## Information provided
★ ★ ★
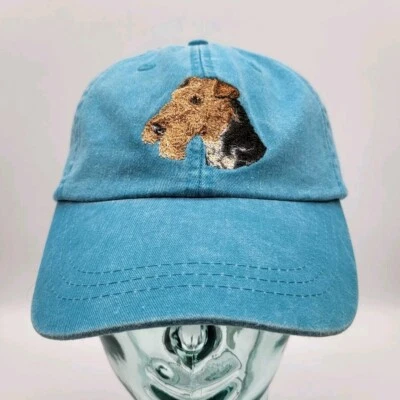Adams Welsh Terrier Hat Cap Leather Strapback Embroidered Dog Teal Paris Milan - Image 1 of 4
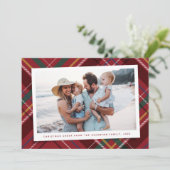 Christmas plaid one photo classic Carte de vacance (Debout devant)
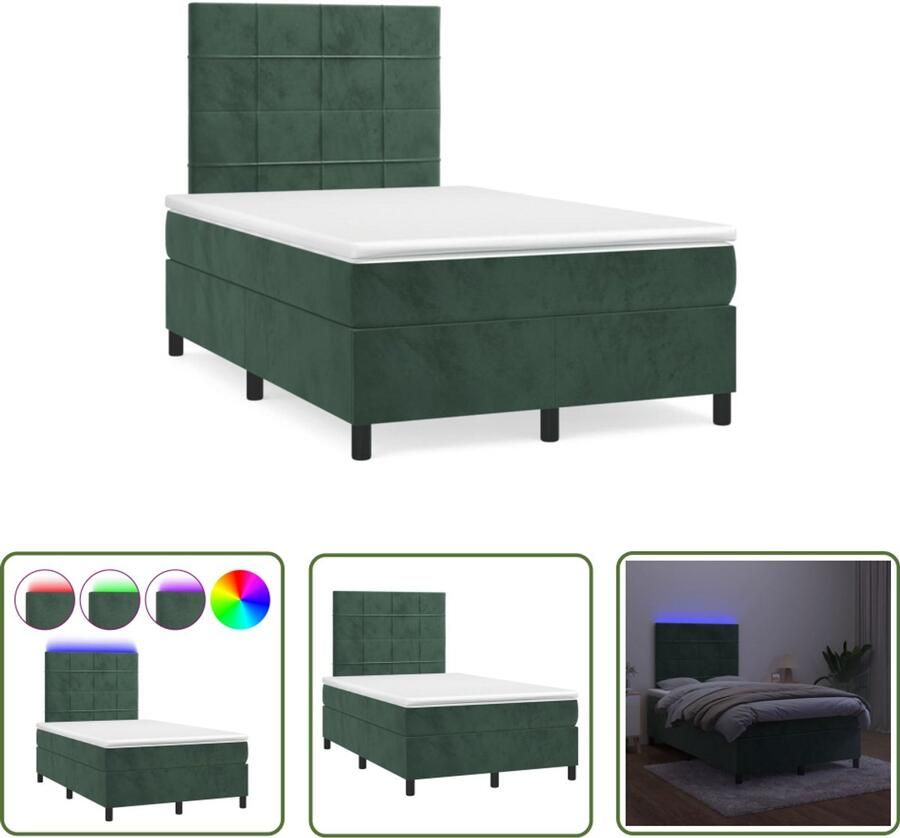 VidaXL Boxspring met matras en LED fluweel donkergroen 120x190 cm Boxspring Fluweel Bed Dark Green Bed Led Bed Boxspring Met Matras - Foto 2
★ ★ ★
## Exercise
Leaving the pictures behind, return every line above exactly.

## Your response
Adams Welsh Terrier Hat Cap Leather Strapback Embroidered Dog Teal Paris Milan - Image 1 of 4
 Christmas plaid one photo classic Carte de vacance (Debout devant)
 VidaXL Boxspring met matras en LED fluweel donkergroen 120x190 cm Boxspring Fluweel Bed Dark Green Bed Led Bed Boxspring Met Matras - Foto 2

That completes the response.